Quilting has had unexpected gifts. I have spent most of my life in an internal tug of war between my right- and left- brains. I spent 10 years as an actor, (well, aside from my day job), which kept my right-brain happy (or is it the left?), but the other half was frustrated and restless. Then, I spent almost as long as an accountant, which kept the left-brain happy (or is it the right?), but my artistic, creative side was lost and forlorn. With quilting, I can satisfy both the artistic and methodical parts of my soul. The artistic self chooses fabrics and color and designs the layout. The methodical self calculates the measurements and angles and insists that, despite the galloping horse, I should at least try to keep my seams as close to ¼ inch as possible, or the whole block is not going to turn out right. And if the block doesn’t turn out right, the quilt won’t turn out right, and so on.

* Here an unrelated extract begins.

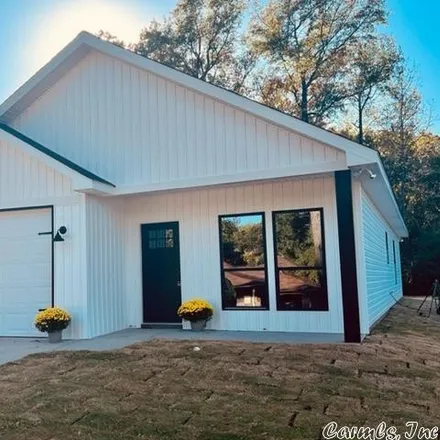 Buy this 3 bed house on 506 West Street in White Hall, AR 71602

More importantly, though, coming to quilt group twice a week for the past few years has helped me pick up the pieces of a life that had disintegrated into rags, and begin to construct a new life of my own creation. The loving support of the women in the group has given me enough strength and courage to face the challenges of being a single mom. Their hugs held me together when I lost my mom (and later, my dad) and their laughter pulled me out of the doldrums when each day’s mail brought yet another surprise from the divorce attorney. When I thought I would collapse from the stress, it was the quilters who produced a certificate for a massage at the local spa.



In December, 2004, our community was struck hard by an ice storm. Phone lines were down, power was out and residents became refugees scattering to relatives’ homes and motels in neighboring communities that had escaped the full wrath of the storm. We lost touch with each other for more than a week. When we were finally able to reunite, we met at the local coffee shop, since the church was still cold and dark. While swapping “survivor” stories about our storm experiences, we saw our pastor come in. She came over to our table and we announced that even though we couldn’t quilt, we had been compelled to meet anyway. She grinned at us, saying only “I’m not at all surprised.”